**Dataset section**
● ● ● ● ● ● ●
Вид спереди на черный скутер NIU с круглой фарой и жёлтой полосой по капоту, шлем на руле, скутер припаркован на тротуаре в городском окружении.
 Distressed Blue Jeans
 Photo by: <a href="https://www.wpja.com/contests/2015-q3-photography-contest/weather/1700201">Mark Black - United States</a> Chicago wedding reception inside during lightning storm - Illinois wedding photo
● ● ● ● ● ● ●
**Instructions for the task**
Repeat the whole listing, keeping every word exact.

**Solution**
Вид спереди на черный скутер NIU с круглой фарой и жёлтой полосой по капоту, шлем на руле, скутер припаркован на тротуаре в городском окружении.
 Distressed Blue Jeans
 Photo by: <a href="https://www.wpja.com/contests/2015-q3-photography-contest/weather/1700201">Mark Black - United States</a> Chicago wedding reception inside during lightning storm - Illinois wedding photo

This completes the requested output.